The solicitation contained a drawing of the exterior view of the windows. The drawing provided measurements depicting the windows as rectangles, although the AOC knew some were trapezoidal. Above the drawing, the solicitation stated, “NOTE: ALL WINDOW DIMENSIONS TO BE FIELD VERIFIED FOR ALL SIDES. SOME WINDOWS MAY BE TAPERED.” Grunley did not measure the windows before signing the contract or measure the trim before having its subcontractor manufacture the windows. Accordingly, the trim did not line up with the frame and the windows had to be remanufactured.
In its REA, claim, and subsequent appeal, Grunley contended it was entitled to relief because the actual shape of the trim was a differing site condition, the contract was defective in showing the windows as rectangular instead of trapezoidal, and the Government breached its duty to disclose superior knowledge about the measurements. The contracting officer denied the claim.

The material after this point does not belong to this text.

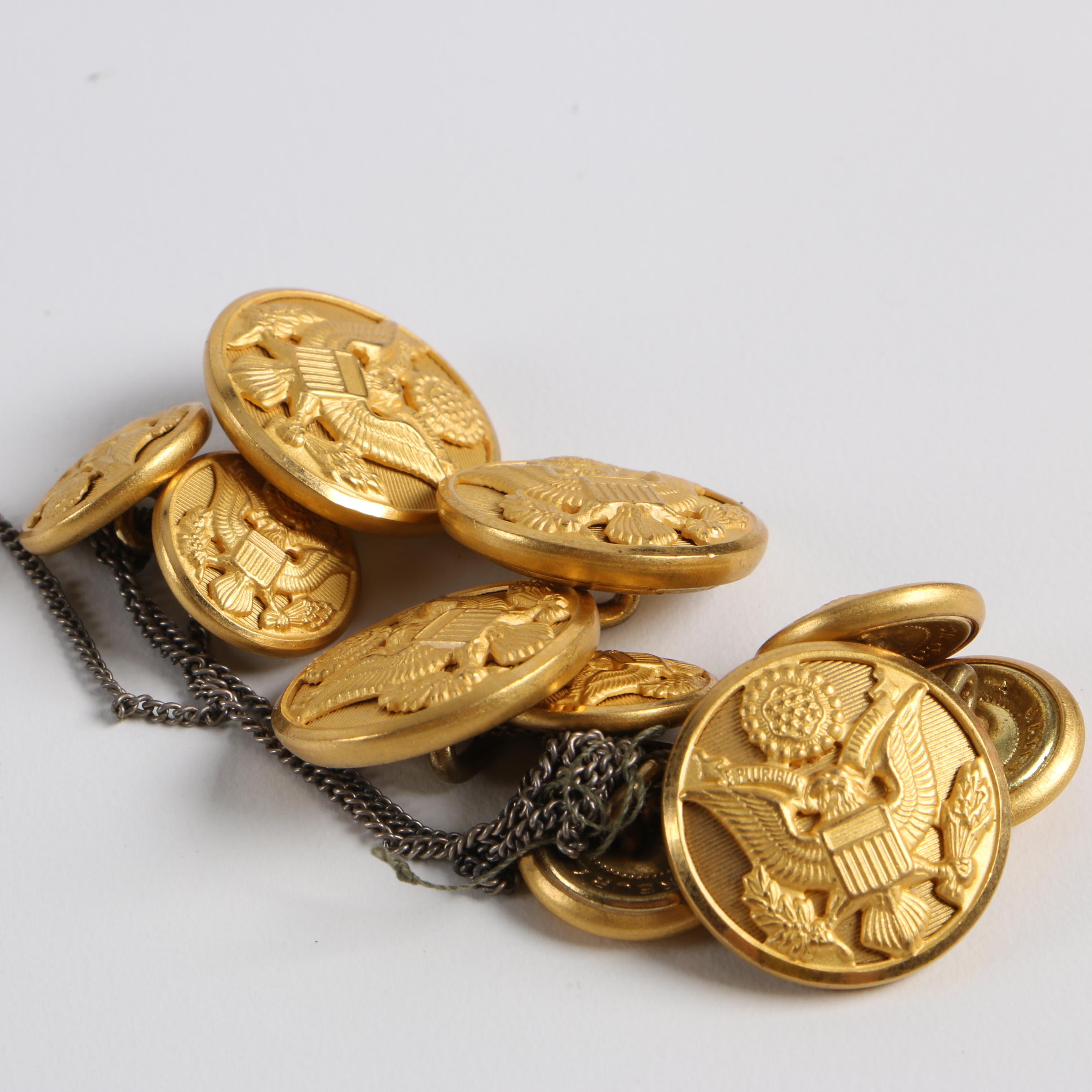 U.S. Military Great Seal and Waterbury Company Navy Buttons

The AOC Contract Appeals Board denied the appeal on similar grounds to the contracting officer; it held that Grunley’s reliance on the drawings in the solicitation (and hence its interpretation of the contract) was unreasonable. It rejected Grunley’s argument that the trapezoidal shape and trim were differing site conditions because the note in the solicitation put Grunley on notice that the windows might not be rectangular. Moreover, Grunley could not reasonably rely solely on the drawings, because it had the duty to inquire about the “obvious conflict” between the dimensions provided and the warning note that the windows might be tapered.

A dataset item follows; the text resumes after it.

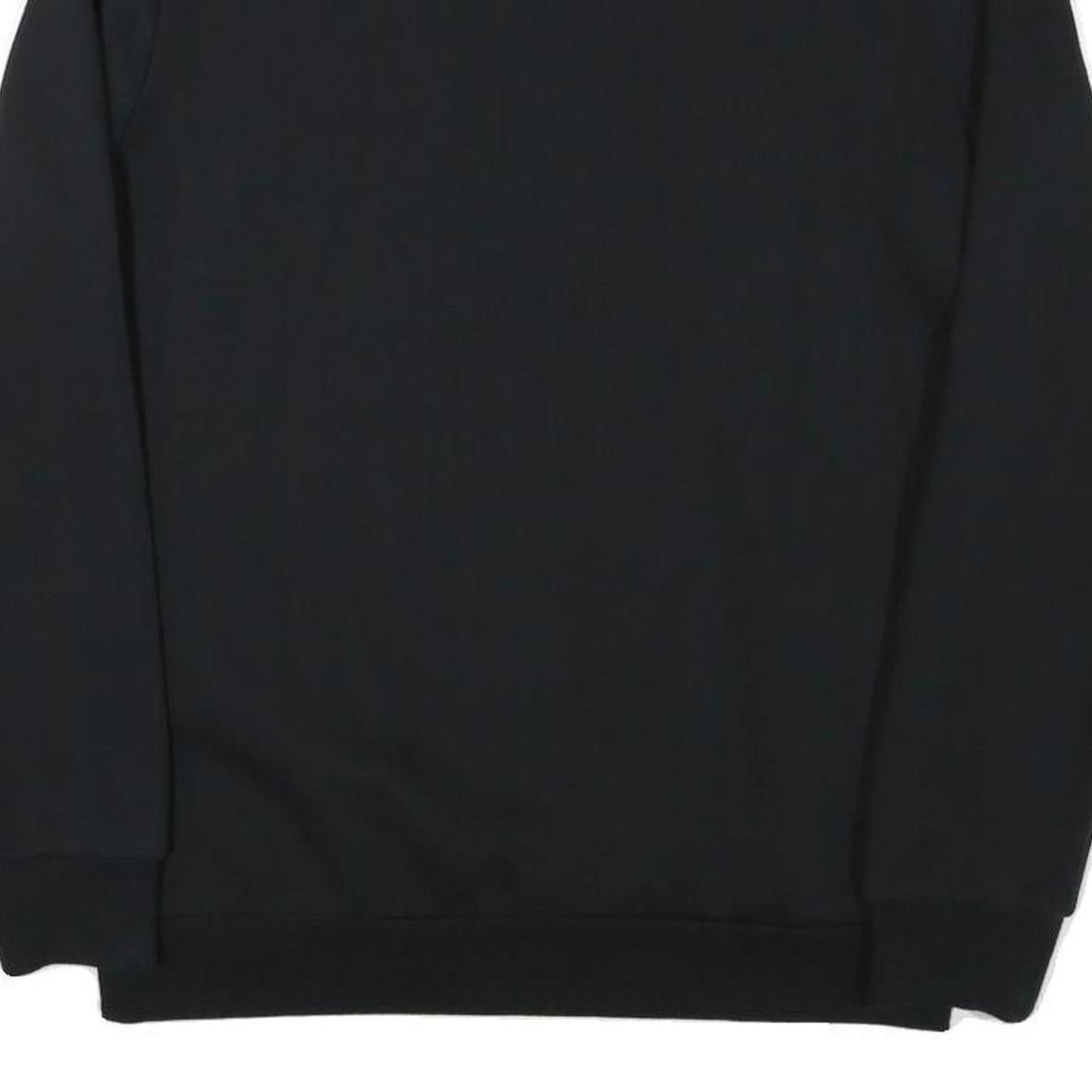 PUMA Mens Black Crew Neck Sweatshirt S Cotton Blend Pullover Logo Casual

The CAB also rejected Grunley’s argument that the AOC breached its duty to disclose its superior knowledge of the trapezoidal shape, concluding that the notice in the solicitation shifted the burden to verify the measurements to the contractor. Grunley Construction Company, Inc., v. Architect of the Capitol, CAB No. 2007-3.
Practice Tip: The Government can avoid the doctrine of superior knowledge by putting the contractor on notice in the solicitation.